*Web page caption snippets*.
○ ○ ○ ○ ○ ○ ○

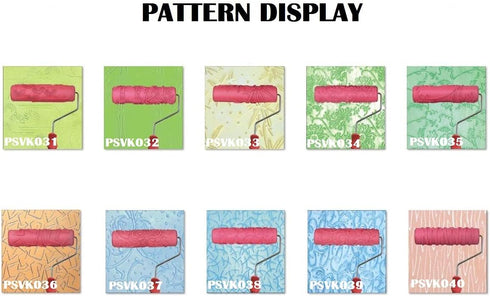 7" DIY Decorative Patterned Paint Roller Decorative Rubber Roller Pattern Roller Wall Decoration with Plastic Handle for Wall Treatments, Furnitur...
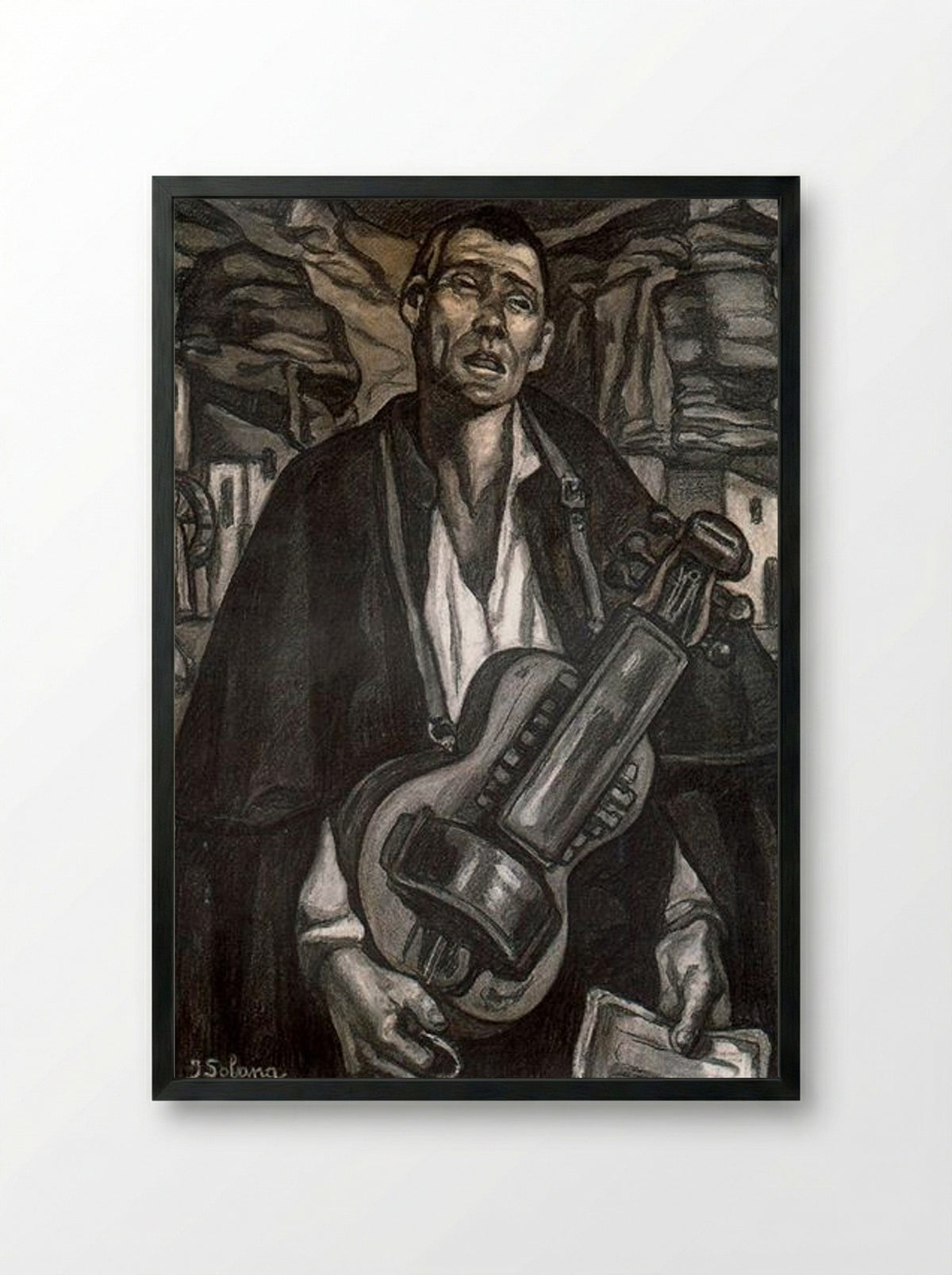 The Blind Musician - José Gutiérrez Solana - Framed Print Black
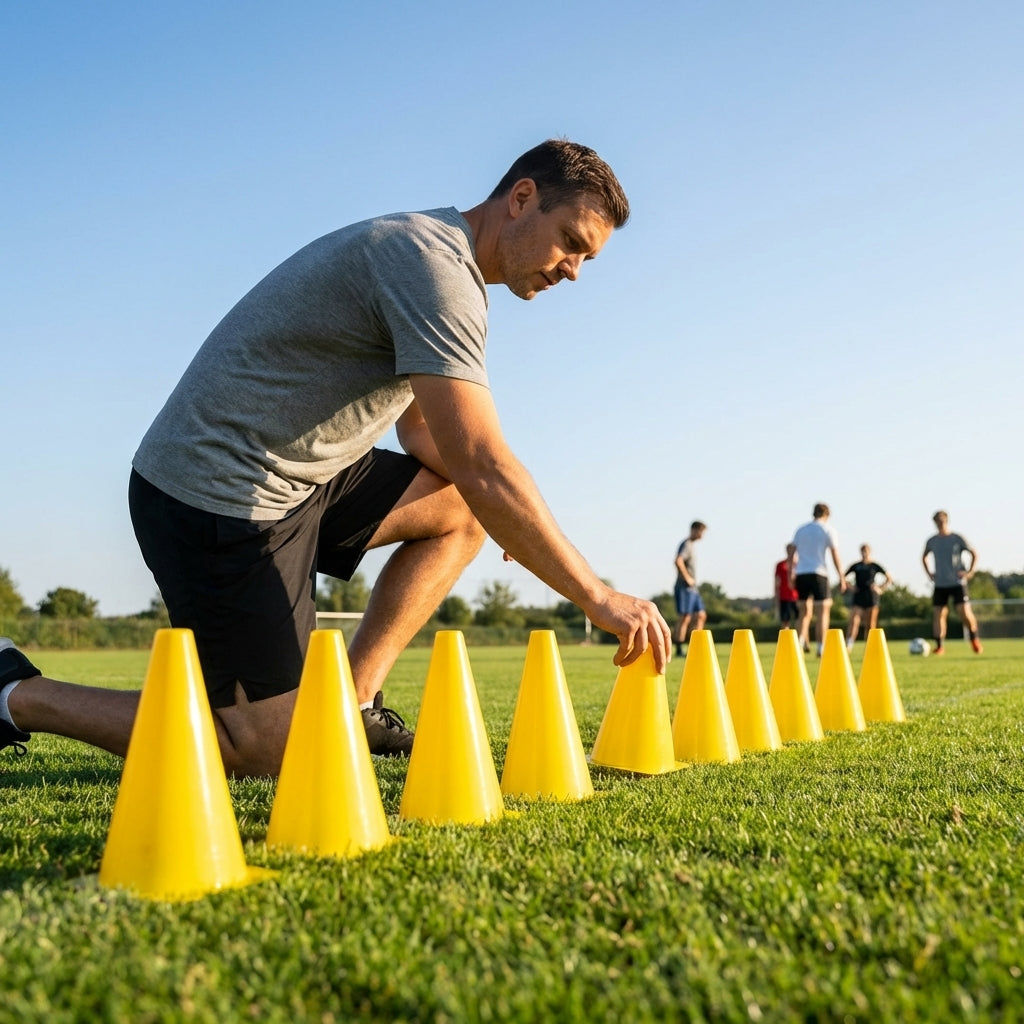 Tennis training marker cones in various sizes and colours
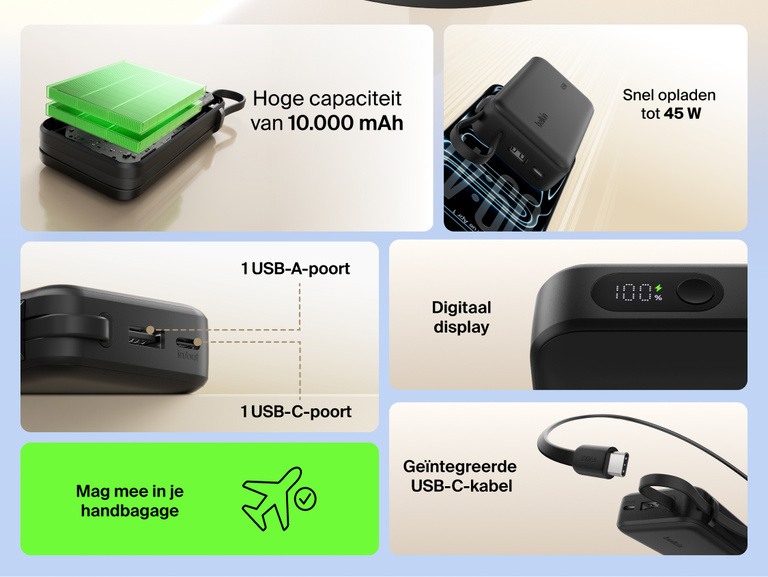 Belkin UltraCharge 10K power bank with 45W fast charging, integrated USB-C cable, digital display, USB-A and USB-C ports, and TSA carry-on approved design.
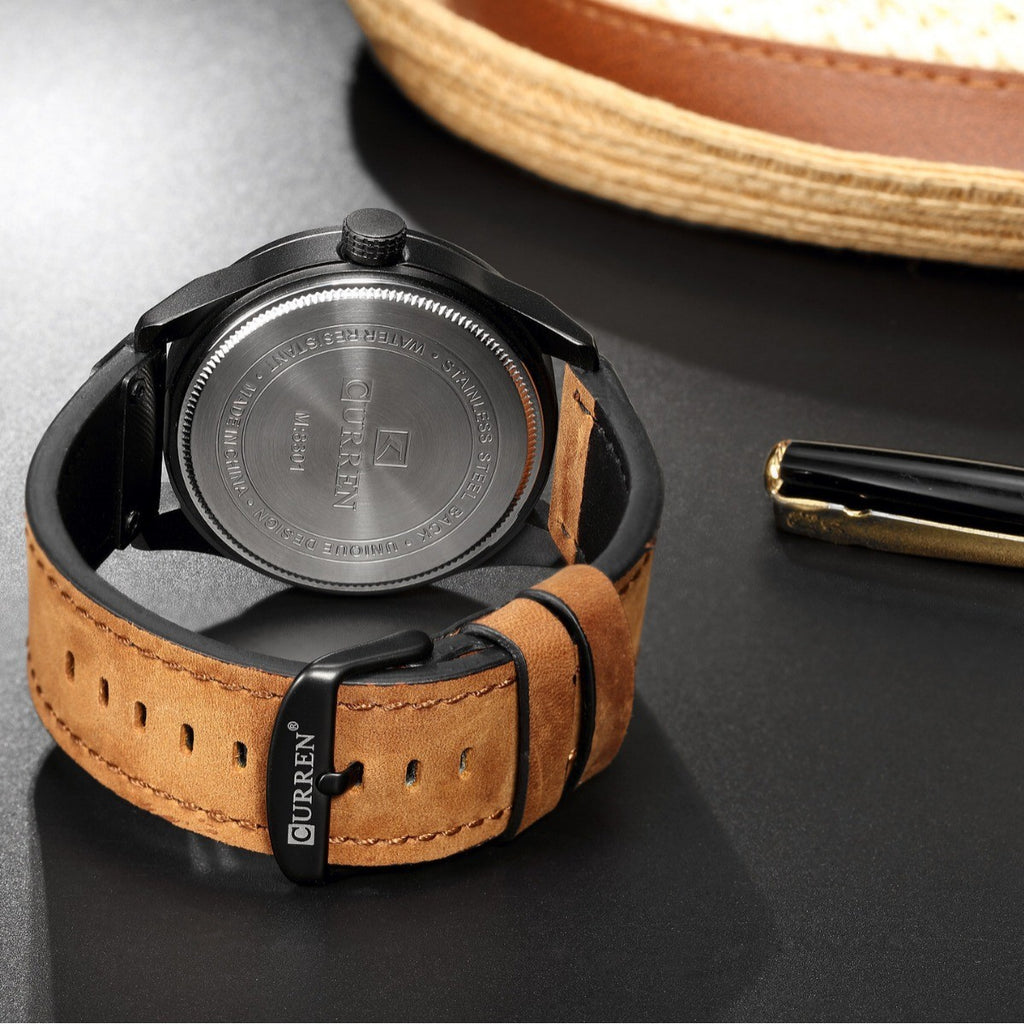 Curren Mens Calendar Leather Strap Watch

○ ○ ○ ○ ○ ○ ○

*Task*.
Since only the text is wanted, repeat all the records above exactly and omit the pictures.

*Answer to the exercise*.
 7" DIY Decorative Patterned Paint Roller Decorative Rubber Roller Pattern Roller Wall Decoration with Plastic Handle for Wall Treatments, Furnitur...
 The Blind Musician - José Gutiérrez Solana - Framed Print Black
 Tennis training marker cones in various sizes and colours
 Belkin UltraCharge 10K power bank with 45W fast charging, integrated USB-C cable, digital display, USB-A and USB-C ports, and TSA carry-on approved design.
 Curren Mens Calendar Leather Strap Watch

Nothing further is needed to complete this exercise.